High School Curriculum – International Baccalaureate (IB) or Advanced Placement (AP)?

While most high schools offer Advanced Placement (AP) courses, some schools offer another option for advanced studies. The International Baccalaureate (IB) Diploma Programme is a two year program that requires students to take courses in six academic areas. All students pursuing the IB Diploma also take the year-long Theory of Knowledge course, where they explore areas of knowledge and ways of knowing. They develop critical thinking skills, challenge their assumptions, examine biases and consider different cultural perspectives.

In addition to completing the required coursework, students must write an extended essay, which is a 4,000 word research paper. This is excellent preparation for writing papers in college. The final requirement is Creativity, Action, Service (CAS). Students spend a minimum of 150 hours fulfilling this requirement. They can choose a project that incorporates creativity, action and service, or become involved in different activities that address each requirement.

The IB program’s combination of coursework, extended essay and CAS hours is designed to develop the student as a whole person. Students become active rather than passive learners, and they gain a global perspective. If they complete the IB Diploma, they are well-prepared for a rigorous college curriculum, and colleges recognize that.

While some high schools offer both the AP and IB curriculum, and students pursuing the IB Diploma may be able to take some AP courses, many schools, especially smaller ones, can only provide one program. High schools have to pay the International Baccalaureate Organization a school membership fee as well as a registration fee for every student in an IB class. Since the College Board doesn’t charge these fees, it is less expensive to offer AP courses. The IB program also requires additional training for teachers as well as a designated IB coordinator.

Students can be awarded college credit for AP scores of three or above, though some colleges require a score of four or five. Students taking IB courses can also get college credit if they take the Higher Level exam and receive a score of five, but some colleges require a score of six or seven. While colleges generally require students to take Higher Level IB exams for college credit, some will allow students to fulfill their general education foreign language requirement by taking the Standard Level IB exam. Both AP and IB exams are given in May, and cost more than $85 for each test. Still, that is a bargain when you consider that a three semester hour college course can cost thousands of dollars. Some highly selective colleges restrict the amount of credit that can be awarded.

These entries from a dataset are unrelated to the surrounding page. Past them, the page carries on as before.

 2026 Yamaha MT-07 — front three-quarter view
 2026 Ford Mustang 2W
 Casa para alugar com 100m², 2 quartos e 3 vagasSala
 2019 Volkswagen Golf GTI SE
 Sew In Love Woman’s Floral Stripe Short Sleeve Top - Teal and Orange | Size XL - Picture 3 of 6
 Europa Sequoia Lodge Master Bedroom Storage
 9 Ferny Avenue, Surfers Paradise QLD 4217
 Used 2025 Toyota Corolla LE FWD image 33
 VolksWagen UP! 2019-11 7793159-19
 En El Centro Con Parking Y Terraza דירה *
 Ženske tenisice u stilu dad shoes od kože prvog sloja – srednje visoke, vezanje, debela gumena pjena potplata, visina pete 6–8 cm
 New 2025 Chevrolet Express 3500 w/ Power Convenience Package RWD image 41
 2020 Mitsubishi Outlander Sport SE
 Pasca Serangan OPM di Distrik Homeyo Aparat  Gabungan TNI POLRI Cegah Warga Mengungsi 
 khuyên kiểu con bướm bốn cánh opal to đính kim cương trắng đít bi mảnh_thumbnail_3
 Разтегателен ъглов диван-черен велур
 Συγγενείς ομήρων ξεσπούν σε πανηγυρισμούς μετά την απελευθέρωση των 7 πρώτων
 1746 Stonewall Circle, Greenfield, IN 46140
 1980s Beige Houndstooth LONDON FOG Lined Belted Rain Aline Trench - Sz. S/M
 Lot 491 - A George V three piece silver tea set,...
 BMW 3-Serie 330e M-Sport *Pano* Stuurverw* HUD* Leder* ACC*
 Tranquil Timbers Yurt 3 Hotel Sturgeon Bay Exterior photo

Students taking AP courses often have more flexibility in their curriculum. The IB program is a more comprehensive, interdisciplinary approach. Most colleges view both AP and IB favorably. Whether you take AP or IB classes, if you plan to apply to very selective colleges, it’s important to take full advantage of what’s offered at your high school. Earning the IB Diploma will enhance your application, but taking one or two IB classes is not very impressive. If your school offers 20 AP classes and you have taken two, admissions officers at competitive colleges will wonder why you didn’t take a more challenging curriculum, and that is not what you want them to be thinking as they read your application. Taking a rigorous curriculum in high school is important, and not just because it looks good on college applications, but to prepare for college level work. Being able to think critically and write clearly will be enormously helpful in college and beyond.